Urs Widmer gilt als einer der wichtigsten deutschsprachigen Autoren der Gegenwart. Nun ist der Romancier im Alter von 75 Jahren in Zürich gestorben. Widmer sei ein starker Erzähler gewesen, der die Wirklichkeit als Kulisse für seine Geschichten umgebaut habe, erinnert sich der Schriftstellerkollege Franz Hohler im Deutschlandfunk.

Franz Hohler im Gespräch mit Kathrin Hondl |
    Urs Widmer, Schweizer Schriftsteller
    Urs Widmer ist tot. (dpa / picture alliance / Erwin Elsner)

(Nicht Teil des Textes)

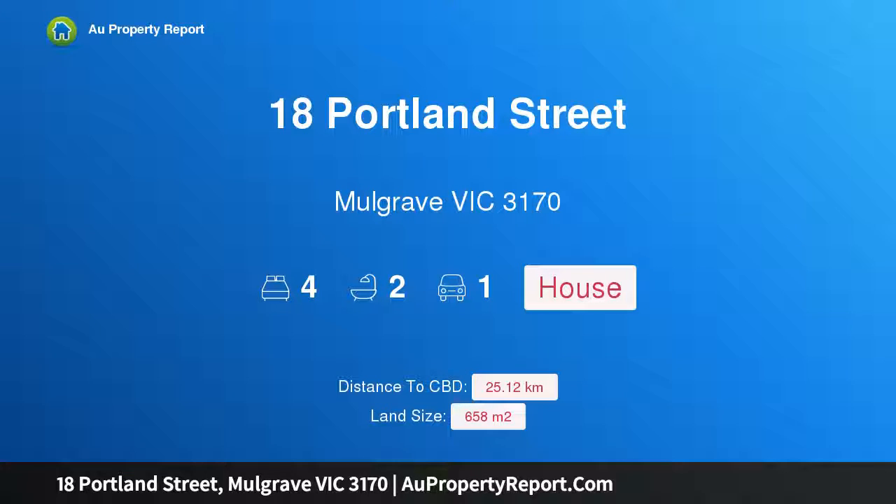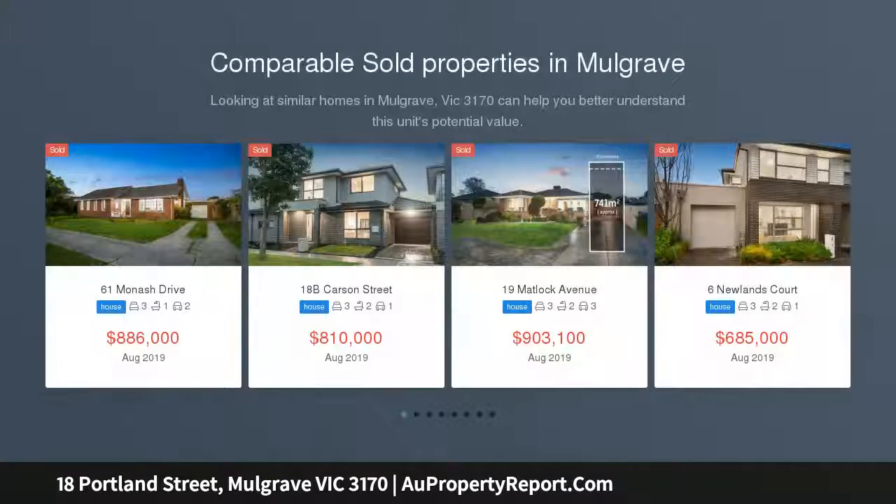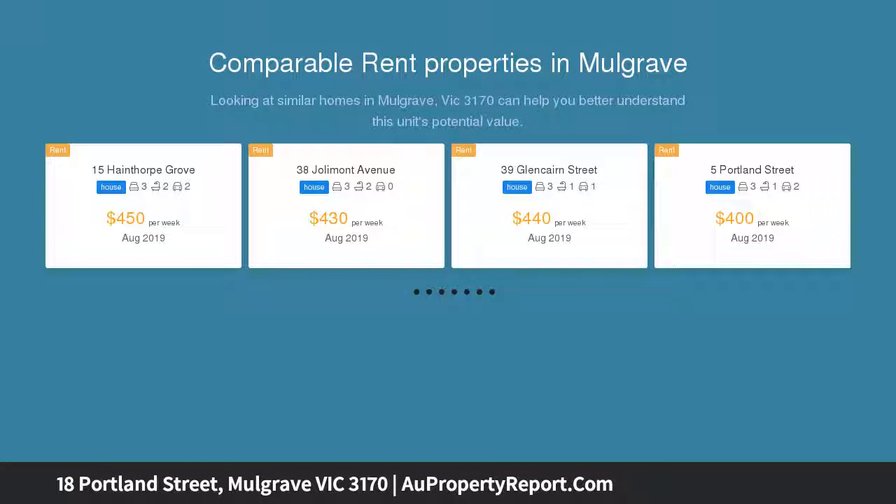Hi, I am glad to introduce property 18 Portland Street, Mulgrave, Victoria 3170. Timeless character and comfort in the Haber Brook estate. Be captivated by the charm, impressed by the comfort, and inspired by the outdoor space of this immaculate family home and its perfectly manicured gardens.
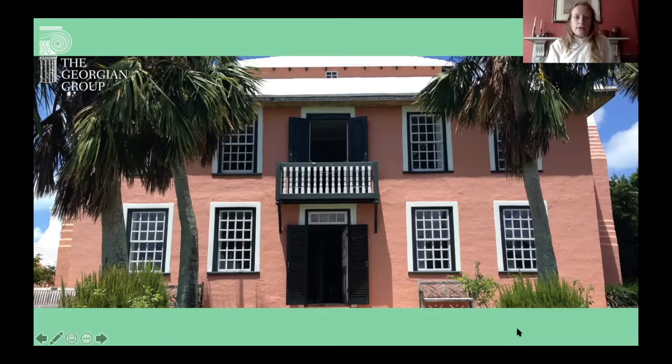It is one of the best known of Bermuda's houses and is thought of as very characteristic, despite in many ways its form and disposition running counter to the norm for Bermudian architecture. Yet it has created a very enduring image of what a Bermudian house is and looks like.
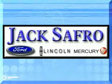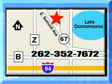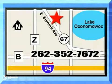Jack Safro Ford Lincoln Mercury is conveniently located 2 miles north of I-94 on Highway 67. Call us today!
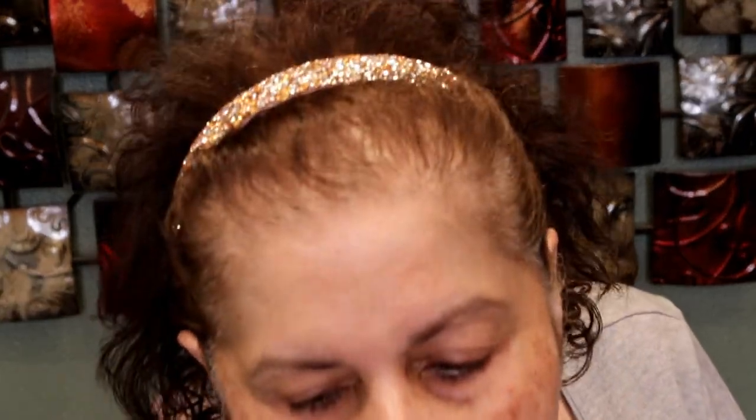The drugstore side is going to be on the left and the high-end on the right. I already applied a primer: on the left side I used the Revlon Prime Plus, which is supposed to reduce pores, and on the right side I used the Tatcha Liquid Silk Canvas — it does the same thing. They're very similar when you put them on.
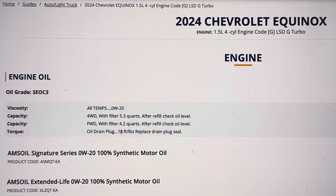The 2024 Chevy Equinox engine size is a 1.5-liter four-cylinder engine. The viscosity oil weight will be 0W-20.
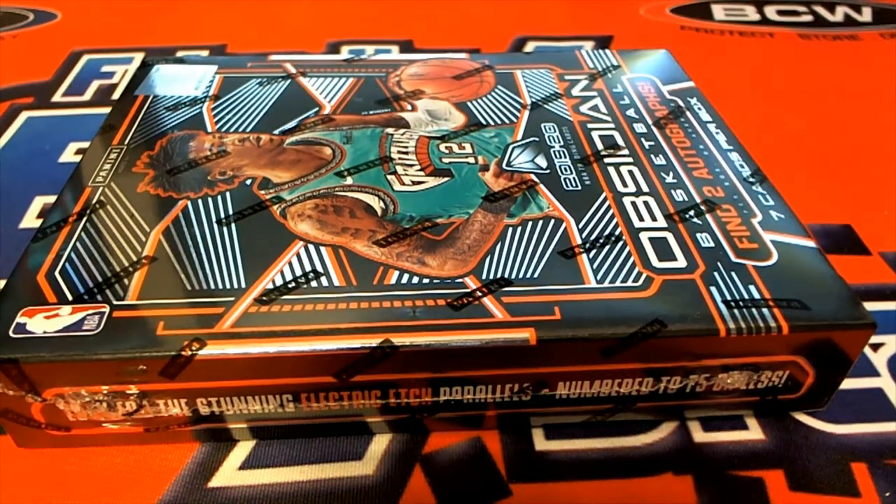Alright guys, everybody's ready here. 2019-20 Panini Obsidian Basketball, and this is number 112. Good luck guys, let's see what we got here.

    Kathrin Hondl: Zuerst aber erinnern wir an Urs Widmer. Mit 75 ist der Schweizer Schriftsteller gestern in Zürich gestorben – Urs Widmer, einer der wichtigsten deutschsprachigen Autoren der Gegenwart und - um es mit dem Wort von Marcel Reich-Ranicki zu sagen: ein "Weltliterat". Ein außergewöhnlich vielseitiger außerdem: Urs Widmers Werk umfasst Erzählungen, Romane und autobiografische Texte, aber auch Theaterstücke und Hörspiele. Am Telefon begrüße ich jetzt einen Schweizer Kollegen und Freund von Urs Widmer – den Schriftsteller und Kabarettisten Franz Hohler. Guten Abend, Herr Hohler.
    Franz Hohler: Ja guten Abend, Frau Hondl!
    Hondl: Sie, Franz Hohler, seien ein "realistischer Fantast oder ein fantasiebegabter Realist", das hat Urs Widmer mal über Sie gesagt. Wie würden Sie denn umgekehrt Urs Widmer charakterisieren?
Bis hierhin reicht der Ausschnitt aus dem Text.